Relação Inesperada - conto gay, parte4 - 'Jaime'




Conto longo


(ver partes anteriores: início, parte2parte3)


*** Jaime ***
 
            Há pessoas que são estúpidas e eu sou uma delas. Venho para casa todo o caminho a pensar no homem, não o consigo tirar da cabeça de maneira nenhuma, viro-lhe o carro do avesso para conseguir o seu número de telefone, consigo descobrir um cartão, consigo arranjar coragem para lhe ligar, ele atende-me bruto e sinto a sua voz adoçar quando lhe digo que sou eu… e depois o que é que faço? Ele trata-me por ‘tu’ e eu fico calado… calado… é possível uma coisa destas?

            Claro que voltou ao tratamento formal, claro que pediu desculpas, claro que não me voltou a tratar… é de ser estúpido ou não? Ter dado um murro na parede aliviou-me, mas não resolveu o problema.

            E depois o que é que faço? Engasgo-me e fico sem saber o que dizer… liguei para que ficasse com o meu número? Que desculpa de merda… que conversa da treta… senti perfeitamente o desapontamento na sua voz, senti-o como senti a sua voz ficar doce quando percebeu que era eu

            Deixei-o sem fala quando me ofereci para lhe preparar o pequeno-almoço, senti que gostara da oferta, senti-o sorrir ao telefone… não lhe disse o que queria, o que tinha planeado, mas consegui emendar um pouco o erro inicial… iria mais cedo, estaria mais tempo com ele e isso era melhor que nada. Falara num contrato para cuidar dele… também não era o que queria, mas seria melhor que nada…ser pago para fazer o que mais se deseja é o melhor trabalho do mundo, não é?

 

            Levantei-me quando faltavam 10 minutos para as sete da manhã, estava acordado há imenso tempo, dormira mal, acordara montes de vezes e já estava farto de rebolar na cama… eu gosto de rebolar na cama, mas não é sozinho.

            Fui à janela e sorri aliviado. O carro estava onde o deixei, estava tudo a correr bem. Tomei um duche, barbeei-me, queria estar… queria estar perfeito.

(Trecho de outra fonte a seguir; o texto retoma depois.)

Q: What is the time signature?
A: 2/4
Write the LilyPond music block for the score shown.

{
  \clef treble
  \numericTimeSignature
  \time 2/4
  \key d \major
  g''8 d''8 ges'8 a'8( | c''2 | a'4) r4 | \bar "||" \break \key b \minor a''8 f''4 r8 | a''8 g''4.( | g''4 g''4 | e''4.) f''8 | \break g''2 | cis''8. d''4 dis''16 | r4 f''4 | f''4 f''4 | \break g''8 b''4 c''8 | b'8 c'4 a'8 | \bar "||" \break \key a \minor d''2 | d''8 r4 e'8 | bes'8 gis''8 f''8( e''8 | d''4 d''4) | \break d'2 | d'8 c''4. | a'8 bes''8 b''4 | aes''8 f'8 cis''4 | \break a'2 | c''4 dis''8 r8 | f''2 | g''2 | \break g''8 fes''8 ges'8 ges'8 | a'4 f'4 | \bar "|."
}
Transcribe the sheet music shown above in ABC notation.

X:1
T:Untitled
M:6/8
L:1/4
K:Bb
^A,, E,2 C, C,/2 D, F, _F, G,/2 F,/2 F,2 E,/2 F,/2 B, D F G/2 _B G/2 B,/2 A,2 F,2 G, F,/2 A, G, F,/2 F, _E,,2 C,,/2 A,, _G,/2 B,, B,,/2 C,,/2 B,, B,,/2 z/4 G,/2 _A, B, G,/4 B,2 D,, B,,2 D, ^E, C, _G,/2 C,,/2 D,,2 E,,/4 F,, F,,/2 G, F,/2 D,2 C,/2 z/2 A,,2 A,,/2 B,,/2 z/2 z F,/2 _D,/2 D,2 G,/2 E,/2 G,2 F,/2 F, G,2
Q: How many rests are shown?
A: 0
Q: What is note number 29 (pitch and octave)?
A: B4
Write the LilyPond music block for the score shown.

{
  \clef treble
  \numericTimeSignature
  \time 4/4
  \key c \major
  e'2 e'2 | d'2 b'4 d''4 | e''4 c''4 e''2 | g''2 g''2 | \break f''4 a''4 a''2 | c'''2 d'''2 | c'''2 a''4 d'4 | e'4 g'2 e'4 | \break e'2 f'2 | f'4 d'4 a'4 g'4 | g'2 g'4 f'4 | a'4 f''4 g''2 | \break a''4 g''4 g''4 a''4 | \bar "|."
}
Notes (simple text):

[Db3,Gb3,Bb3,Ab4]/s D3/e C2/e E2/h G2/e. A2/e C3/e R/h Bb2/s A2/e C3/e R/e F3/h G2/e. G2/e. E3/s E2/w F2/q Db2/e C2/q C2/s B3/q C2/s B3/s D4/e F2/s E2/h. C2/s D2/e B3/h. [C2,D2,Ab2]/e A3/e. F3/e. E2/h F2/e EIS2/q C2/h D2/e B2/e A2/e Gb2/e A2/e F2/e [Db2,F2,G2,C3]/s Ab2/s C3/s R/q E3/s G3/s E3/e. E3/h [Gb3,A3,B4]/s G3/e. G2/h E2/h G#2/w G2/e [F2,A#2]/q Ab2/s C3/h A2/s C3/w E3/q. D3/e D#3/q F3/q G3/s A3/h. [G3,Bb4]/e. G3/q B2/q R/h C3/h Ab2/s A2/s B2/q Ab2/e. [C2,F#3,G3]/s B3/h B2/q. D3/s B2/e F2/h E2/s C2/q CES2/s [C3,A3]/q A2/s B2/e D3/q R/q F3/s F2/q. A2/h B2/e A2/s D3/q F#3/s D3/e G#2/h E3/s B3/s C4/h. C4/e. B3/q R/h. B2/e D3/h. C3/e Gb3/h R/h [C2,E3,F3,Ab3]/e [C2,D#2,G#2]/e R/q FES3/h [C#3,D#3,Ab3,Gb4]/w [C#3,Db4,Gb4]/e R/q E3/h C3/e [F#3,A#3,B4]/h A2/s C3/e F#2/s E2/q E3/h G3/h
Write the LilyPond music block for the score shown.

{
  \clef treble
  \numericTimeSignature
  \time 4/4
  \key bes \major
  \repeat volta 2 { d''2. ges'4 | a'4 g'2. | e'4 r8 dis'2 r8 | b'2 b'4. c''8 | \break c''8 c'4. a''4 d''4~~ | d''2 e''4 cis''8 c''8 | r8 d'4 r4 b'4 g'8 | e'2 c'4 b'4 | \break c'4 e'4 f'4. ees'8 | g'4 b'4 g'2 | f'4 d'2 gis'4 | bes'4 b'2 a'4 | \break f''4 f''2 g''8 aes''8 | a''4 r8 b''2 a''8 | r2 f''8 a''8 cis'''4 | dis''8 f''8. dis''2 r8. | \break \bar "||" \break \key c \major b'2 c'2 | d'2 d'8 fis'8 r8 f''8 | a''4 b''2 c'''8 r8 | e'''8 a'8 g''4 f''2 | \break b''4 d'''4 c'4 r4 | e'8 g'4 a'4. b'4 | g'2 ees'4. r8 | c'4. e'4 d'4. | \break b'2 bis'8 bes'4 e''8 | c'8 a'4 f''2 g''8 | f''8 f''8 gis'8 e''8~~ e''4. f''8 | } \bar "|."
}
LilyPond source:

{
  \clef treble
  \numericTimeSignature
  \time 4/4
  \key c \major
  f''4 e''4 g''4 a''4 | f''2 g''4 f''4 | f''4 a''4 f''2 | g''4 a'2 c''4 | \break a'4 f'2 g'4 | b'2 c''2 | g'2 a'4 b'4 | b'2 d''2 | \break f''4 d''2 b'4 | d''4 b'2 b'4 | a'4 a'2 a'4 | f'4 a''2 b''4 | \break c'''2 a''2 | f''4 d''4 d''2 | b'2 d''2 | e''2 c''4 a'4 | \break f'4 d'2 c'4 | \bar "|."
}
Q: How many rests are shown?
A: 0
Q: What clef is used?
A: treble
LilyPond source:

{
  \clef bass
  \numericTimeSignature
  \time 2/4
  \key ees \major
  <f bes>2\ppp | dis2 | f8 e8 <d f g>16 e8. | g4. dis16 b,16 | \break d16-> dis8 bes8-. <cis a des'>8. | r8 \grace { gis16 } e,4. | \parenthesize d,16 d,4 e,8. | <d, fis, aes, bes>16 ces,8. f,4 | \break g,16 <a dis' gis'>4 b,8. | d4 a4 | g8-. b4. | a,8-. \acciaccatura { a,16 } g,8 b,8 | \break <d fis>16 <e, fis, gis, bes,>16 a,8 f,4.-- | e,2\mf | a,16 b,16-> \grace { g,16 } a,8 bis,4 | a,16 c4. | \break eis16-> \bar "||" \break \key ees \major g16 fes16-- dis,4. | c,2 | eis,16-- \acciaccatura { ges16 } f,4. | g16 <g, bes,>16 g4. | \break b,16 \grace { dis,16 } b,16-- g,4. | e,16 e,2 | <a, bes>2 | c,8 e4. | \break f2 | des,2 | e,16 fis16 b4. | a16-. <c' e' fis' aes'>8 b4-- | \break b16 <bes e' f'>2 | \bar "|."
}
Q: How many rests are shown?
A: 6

            Cheirei o fato que costumava usar nos casamentos, já não se sentia o odor de roupeiro. Vesti-me com cuidado e achei que estava bem, achei mesmo, achei que o meu doutor Alexandre iria gostar de me ver. Tive de fazer o nó da gravata sete vezes, mas finalmente dei-me por satisfeito, estava decente. Saí de casa. 7h20. Corri para o carro com o coração a bater. Ainda se sentia o seu perfume.

            - Pão! – disse alto, arrancando para a padaria, eles abriam a porta para vender o pão quentinho aos madrugadores

            - Então o que é que vai ser – perguntou-me o homem

            «De que pão é que ele gosta?»

            Podia não saber, podia ter ficado baralhado durantes uns segundo, mas pedi três tipos diferentes de pão, algum haveria de o satisfazer e eu não estava com tempo para perder. 7h31.

            «Não vou chegar a horas… caraças»

            Três minutos para chegar à 2º circular.

            «raios partam os limites de velocidade»

            Quatro minutos para chegar ao desvio para a Vasco da Gama. Três faixas vazias a subir para a ponte. 7h37. 17 quilómetros e depois o Montijo, o Alexandre à minha espera. Finalmente.

            «agora nós dois, bicho»

            Carreguei a fundo.

            A resposta dele foi um rugido do motor, a resposta física foi colar-me a cabeça ao banco… acho que o conta-quilómetros só parou de subir quando comecei a descer para o meio da ponte e fui eu que tive de levantar o pé. 7h44 e estou dentro do Montijo… cinco minutos para atravessar a ponte e afinal estou adiantado. Calha bem porque me esqueci de tomar café.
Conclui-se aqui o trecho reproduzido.